# [TASK DESCRIPTION]
Exact copy, no pictures: return only the lines below from the line with "美國【PACKIT】冰酷 4.5L經典SE冷藏袋 (免冰寶的便利保冷袋) -童話星空" up to and including the line with "Диски Lexus LX".

# [DATA TO USE]
▬▬▬

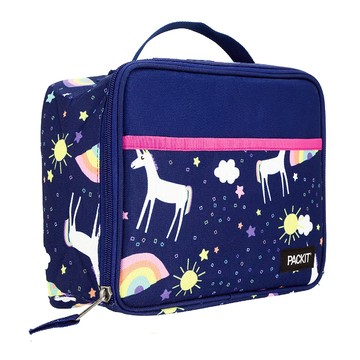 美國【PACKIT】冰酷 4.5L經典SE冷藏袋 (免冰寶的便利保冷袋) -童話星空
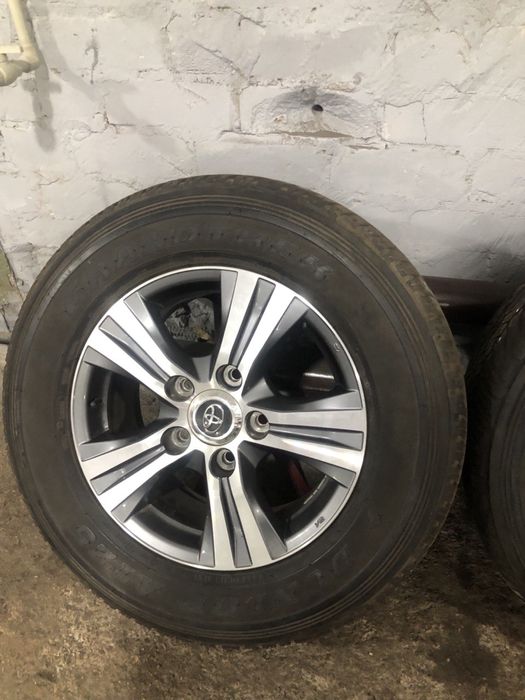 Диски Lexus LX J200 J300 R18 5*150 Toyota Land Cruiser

▬▬▬

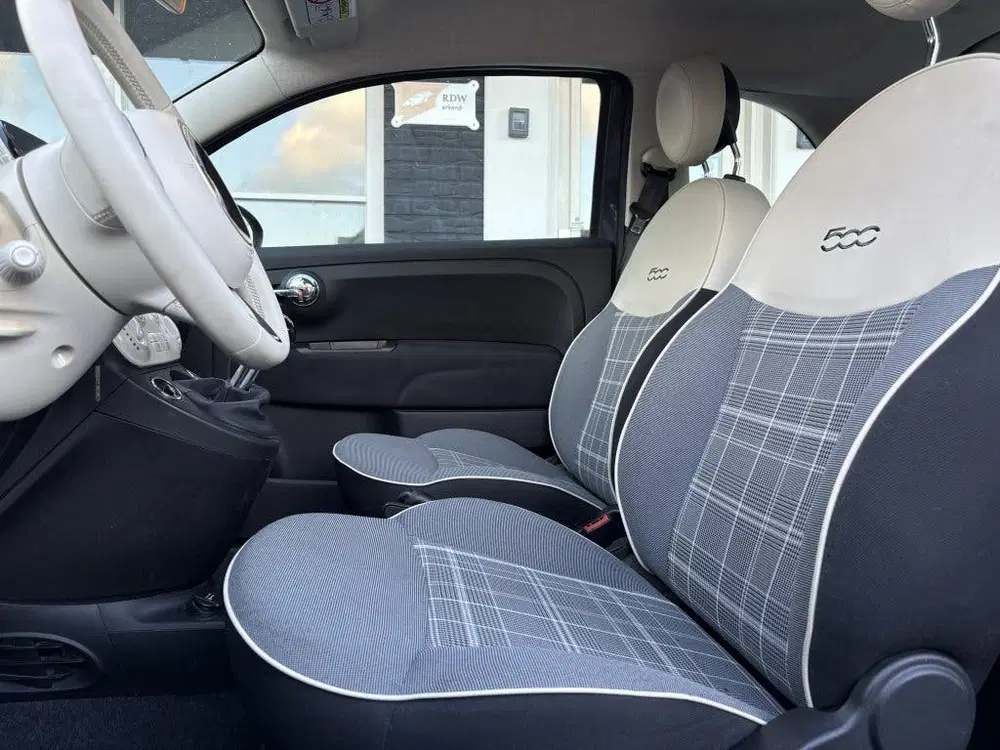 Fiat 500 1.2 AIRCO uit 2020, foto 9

▬▬▬

# [OUTPUT OF THE TASK]
 美國【PACKIT】冰酷 4.5L經典SE冷藏袋 (免冰寶的便利保冷袋) -童話星空
 Диски Lexus LX J200 J300 R18 5*150 Toyota Land Cruiser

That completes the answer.